De part et d’autre de la Croisette, deux réponses cinématographiques à la violence masculine se faisaient face ce vendredi. Avec Que ma volonté soit faite, présenté à la Quinzaine des cinéastes, Julia Kowalski prolongeait le récit et le geste amorcés avec son court J’ai vu le visage du diable (déjà à la Quinzaine en 2023). L’adolescente polonaise possédée par le démon se nomme désormais Nawojka ; toujours interprétée par l’épatante Maria Wróbel, elle est installée avec son père et ses deux frères dans une ferme française. La veille, L’Engloutie de Louise Hémon réactualisait déjà une mythologie associant le désir féminin à une puissance maléfique, mais semblait ne l’assumer qu’à moitié. La reprise prend ici un tour plus malicieux par la présence d’une « sorcière » tout ce qu’il y a de plus humain (Roxane Mesquida), rendue coupable aux yeux des villageois de la violence libidinale qu’elle éveille chez les hommes. Les actions surnaturelles de Nawojka apparaissent alors comme un juste retour des choses, comme si les projections patriarcales avaient elles-mêmes donné naissance au démon qui se manifeste à travers l’adolescente. Puisant aussi bien dans Carrie que dans le giallo, Julia Kowalski transcende par l’outrance du cinéma de genre l’aspect très explicite de son propos féministe, émeut par les matières que sa mise en scène convoque – boue, glaires et flammes.

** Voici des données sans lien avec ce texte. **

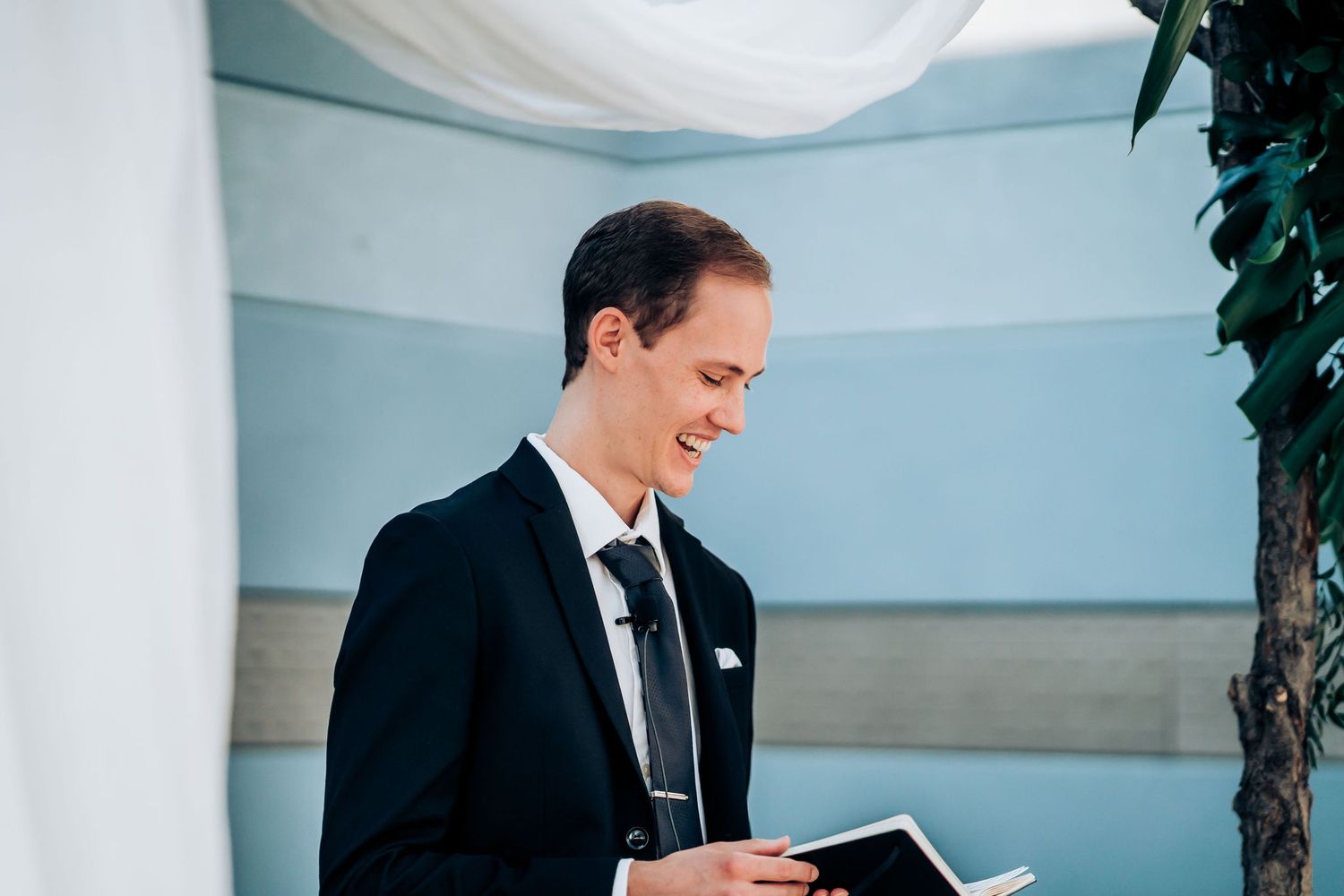 Wedding officiant in black suit reads from book during outdoor ceremony.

Autre forme d’intensité chez Kristen Stewart, dès la présentation de son premier long métrage The Chronology of Water, tout en « motherfucker » affectueux et « I love you » rageurs adressés à son équipe. De même que le diable se manifestait chez Nawojka à travers des visions fragmentaires, le parcours de Lidia (la romancière Lidia Yuknavitch, dont Stewart adapte l’œuvre), marquée par l’inceste, se donne dans le désordre, à la façon d’éclats mémoriels qui reviennent malgré soi. Autre façon de mettre à distance la rage : les mots, qui guident le récit et soutiennent le parcours d’apaisement de l’héroïne, course sans fin pour revenir à soi-même. Elle se déploie comme chez Kowalski à travers un motif sensoriel : celui de l’eau. De ces deux longs métrages se dégage le sentiment que la pleine restitution de l’expérience de ses héroïnes gagne à se donner par morceaux, façon de figurer la difficulté à faire tenir ensemble les injonctions contradictoires. Qu’il faut montrer le monde en miettes pour mieux en imaginer un autre.